As part of an effort to bridge the cultural divide between Western health services and the cultural preferences of the society, we developed a curriculum segment to promote cultural safety skills of medical students at La Sabana University in multicultural Colombia [3,4,5,6]. A challenge facing cultural safety education, however, is that medical students might perceive it as dull or even unnecessary [7].

Game jams, collaborative workshops to create and play educational games, have recently shown effectiveness and engaging potential in university-level education [8, 9]. Game jams are a relatively recent phenomenon with the earliest documented in 2002 [10]. These events have been used for purposes beyond game design.
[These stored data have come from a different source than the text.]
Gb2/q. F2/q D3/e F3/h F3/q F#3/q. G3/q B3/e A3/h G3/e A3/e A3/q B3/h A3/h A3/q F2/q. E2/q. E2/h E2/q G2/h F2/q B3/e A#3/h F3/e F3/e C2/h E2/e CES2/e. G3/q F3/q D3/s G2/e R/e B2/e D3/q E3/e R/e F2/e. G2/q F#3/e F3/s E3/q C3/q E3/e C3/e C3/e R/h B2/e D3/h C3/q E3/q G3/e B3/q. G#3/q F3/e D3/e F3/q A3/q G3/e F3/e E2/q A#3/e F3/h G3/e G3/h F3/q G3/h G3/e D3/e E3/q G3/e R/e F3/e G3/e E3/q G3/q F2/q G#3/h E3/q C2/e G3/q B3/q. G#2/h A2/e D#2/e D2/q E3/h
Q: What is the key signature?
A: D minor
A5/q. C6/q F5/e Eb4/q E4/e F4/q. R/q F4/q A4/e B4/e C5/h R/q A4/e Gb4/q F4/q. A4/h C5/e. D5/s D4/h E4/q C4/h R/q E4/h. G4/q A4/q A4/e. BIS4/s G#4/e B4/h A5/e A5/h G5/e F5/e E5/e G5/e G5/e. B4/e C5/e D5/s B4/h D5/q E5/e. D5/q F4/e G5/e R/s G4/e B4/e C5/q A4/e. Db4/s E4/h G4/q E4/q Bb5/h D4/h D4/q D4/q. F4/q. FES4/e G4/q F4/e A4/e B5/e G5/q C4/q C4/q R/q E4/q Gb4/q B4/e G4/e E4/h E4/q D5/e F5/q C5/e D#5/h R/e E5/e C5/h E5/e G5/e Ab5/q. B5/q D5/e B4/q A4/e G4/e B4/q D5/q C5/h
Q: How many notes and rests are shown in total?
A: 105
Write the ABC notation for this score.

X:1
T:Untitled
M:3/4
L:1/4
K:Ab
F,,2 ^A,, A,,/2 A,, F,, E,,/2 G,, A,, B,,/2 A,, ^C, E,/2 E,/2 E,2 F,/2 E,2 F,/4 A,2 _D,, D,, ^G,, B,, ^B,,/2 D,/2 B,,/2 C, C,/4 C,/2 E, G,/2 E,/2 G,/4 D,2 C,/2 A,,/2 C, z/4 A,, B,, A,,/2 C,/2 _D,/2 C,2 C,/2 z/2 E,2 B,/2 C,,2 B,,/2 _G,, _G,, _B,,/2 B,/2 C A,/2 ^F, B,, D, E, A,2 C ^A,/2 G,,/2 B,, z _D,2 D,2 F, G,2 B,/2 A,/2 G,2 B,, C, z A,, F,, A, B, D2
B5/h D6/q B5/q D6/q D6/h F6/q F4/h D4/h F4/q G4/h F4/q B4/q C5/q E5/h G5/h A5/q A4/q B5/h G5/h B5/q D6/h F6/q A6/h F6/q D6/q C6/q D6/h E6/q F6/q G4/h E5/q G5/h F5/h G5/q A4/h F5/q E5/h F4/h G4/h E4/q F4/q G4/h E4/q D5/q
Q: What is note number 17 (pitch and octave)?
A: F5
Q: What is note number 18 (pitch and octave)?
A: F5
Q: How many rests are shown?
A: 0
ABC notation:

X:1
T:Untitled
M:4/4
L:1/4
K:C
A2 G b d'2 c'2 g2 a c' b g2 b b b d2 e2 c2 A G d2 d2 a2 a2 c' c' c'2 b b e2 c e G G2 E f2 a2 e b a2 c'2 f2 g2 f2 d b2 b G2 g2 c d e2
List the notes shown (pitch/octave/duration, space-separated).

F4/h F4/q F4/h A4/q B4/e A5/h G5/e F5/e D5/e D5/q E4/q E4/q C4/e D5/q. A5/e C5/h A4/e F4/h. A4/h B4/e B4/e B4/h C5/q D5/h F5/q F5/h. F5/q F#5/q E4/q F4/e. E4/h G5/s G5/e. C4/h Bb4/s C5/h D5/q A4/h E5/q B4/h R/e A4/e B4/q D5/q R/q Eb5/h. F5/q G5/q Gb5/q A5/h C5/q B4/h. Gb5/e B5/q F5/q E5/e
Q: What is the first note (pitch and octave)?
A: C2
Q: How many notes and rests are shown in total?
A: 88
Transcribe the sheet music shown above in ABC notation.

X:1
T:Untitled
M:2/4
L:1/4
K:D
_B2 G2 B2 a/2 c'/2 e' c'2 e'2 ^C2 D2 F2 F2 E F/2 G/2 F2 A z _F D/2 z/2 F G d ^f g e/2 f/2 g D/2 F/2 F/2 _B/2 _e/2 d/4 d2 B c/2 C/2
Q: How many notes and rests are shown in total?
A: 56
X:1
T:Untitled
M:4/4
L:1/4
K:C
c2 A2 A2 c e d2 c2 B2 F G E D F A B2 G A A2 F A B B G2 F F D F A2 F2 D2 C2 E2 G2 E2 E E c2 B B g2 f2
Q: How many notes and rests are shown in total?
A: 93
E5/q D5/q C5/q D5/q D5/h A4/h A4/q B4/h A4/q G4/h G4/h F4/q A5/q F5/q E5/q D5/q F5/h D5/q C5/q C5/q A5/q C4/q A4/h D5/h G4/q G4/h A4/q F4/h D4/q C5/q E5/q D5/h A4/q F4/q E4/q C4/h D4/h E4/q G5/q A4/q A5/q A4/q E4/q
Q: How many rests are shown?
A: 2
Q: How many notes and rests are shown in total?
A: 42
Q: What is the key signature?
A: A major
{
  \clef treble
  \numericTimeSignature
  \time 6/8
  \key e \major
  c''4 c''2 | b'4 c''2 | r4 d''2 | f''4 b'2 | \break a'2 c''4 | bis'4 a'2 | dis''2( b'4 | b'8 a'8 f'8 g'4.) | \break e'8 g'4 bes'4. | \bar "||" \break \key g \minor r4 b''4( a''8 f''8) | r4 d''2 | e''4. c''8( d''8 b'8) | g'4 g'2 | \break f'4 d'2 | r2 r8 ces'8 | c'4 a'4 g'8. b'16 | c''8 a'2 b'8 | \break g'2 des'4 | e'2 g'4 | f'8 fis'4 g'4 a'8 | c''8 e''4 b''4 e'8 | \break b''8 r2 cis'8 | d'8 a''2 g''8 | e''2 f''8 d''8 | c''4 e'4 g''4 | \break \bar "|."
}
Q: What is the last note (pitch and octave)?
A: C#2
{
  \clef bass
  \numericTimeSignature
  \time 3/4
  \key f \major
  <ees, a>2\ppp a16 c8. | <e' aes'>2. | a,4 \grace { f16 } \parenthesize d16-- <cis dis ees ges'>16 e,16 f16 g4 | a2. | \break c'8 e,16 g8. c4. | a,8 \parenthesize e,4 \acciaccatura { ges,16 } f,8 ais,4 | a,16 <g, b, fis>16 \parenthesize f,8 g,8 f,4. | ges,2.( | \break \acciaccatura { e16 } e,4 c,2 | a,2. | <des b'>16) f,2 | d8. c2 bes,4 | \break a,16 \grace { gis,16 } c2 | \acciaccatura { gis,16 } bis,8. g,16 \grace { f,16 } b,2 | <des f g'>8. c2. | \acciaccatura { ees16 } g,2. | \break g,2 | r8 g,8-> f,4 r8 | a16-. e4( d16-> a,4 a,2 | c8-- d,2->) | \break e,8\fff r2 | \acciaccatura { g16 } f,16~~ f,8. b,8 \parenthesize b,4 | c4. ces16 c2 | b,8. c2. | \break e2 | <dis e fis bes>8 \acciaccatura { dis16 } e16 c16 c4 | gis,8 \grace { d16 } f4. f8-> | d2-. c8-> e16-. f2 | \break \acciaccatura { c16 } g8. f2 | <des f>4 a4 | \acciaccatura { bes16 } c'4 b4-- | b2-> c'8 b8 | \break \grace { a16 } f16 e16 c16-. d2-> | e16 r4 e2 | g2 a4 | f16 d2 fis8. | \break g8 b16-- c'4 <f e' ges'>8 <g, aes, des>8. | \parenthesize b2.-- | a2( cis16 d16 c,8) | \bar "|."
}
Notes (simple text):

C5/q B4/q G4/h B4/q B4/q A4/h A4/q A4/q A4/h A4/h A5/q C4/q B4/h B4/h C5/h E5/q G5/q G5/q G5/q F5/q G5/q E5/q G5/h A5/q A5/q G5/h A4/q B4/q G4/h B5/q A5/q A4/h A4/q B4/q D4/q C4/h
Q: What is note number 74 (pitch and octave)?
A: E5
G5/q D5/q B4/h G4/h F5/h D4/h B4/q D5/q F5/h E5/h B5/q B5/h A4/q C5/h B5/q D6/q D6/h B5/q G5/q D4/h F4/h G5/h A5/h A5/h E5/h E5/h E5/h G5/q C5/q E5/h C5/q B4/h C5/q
Examples include the Health Games Challenge Game Jam, promoted by Michelle Obama in 2010; the Fukushima Game Jam, aimed at assisting after the 2011 earthquake and nuclear disaster [11]; and the utilization of the game jam model as a research co-design method [12]. Through their Sami Game Jam, Laiti and collaborators[13] suggested that game jams could promote self-discovery, reflections on identity, and support the cultural identity of minority groups, such as the Sami people from Finland.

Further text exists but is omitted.